EXERCISE PROMPT: Starting at the line below holding "Preva Ersatzgummi 25 cm" and stopping at the line holding "Дверь передняя правая", print every line exactly, both ends included, and leave the rest out.

RECORDS FOR THE EXERCISE:
══════

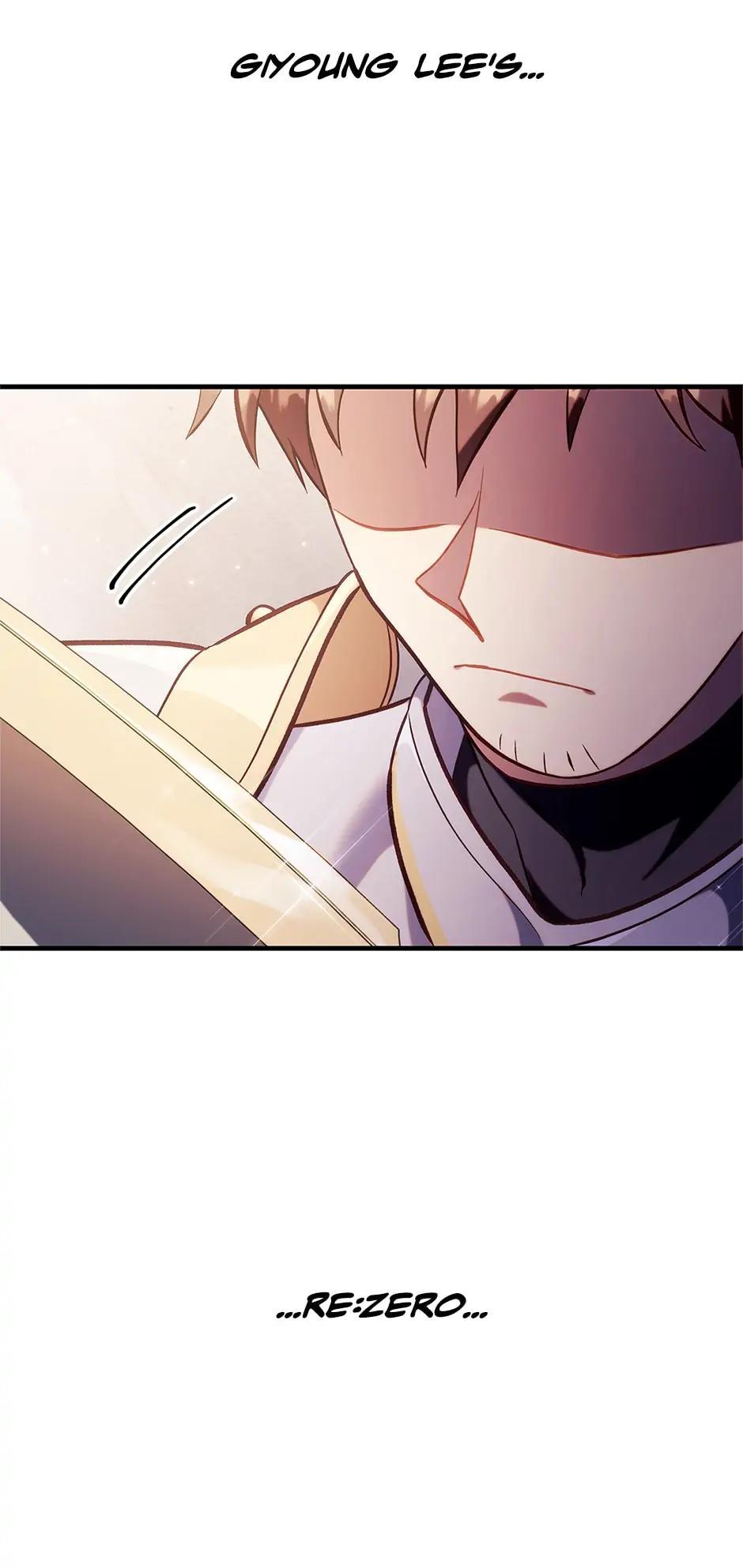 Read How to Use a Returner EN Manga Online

══════

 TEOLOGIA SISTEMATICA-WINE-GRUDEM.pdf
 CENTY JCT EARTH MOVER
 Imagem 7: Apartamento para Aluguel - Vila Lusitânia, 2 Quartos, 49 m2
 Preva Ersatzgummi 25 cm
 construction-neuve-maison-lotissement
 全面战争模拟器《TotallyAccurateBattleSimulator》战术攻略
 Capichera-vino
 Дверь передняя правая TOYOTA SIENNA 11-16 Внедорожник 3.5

══════

WRITTEN RESPONSE:
 Preva Ersatzgummi 25 cm
 construction-neuve-maison-lotissement
 全面战争模拟器《TotallyAccurateBattleSimulator》战术攻略
 Capichera-vino
 Дверь передняя правая TOYOTA SIENNA 11-16 Внедорожник 3.5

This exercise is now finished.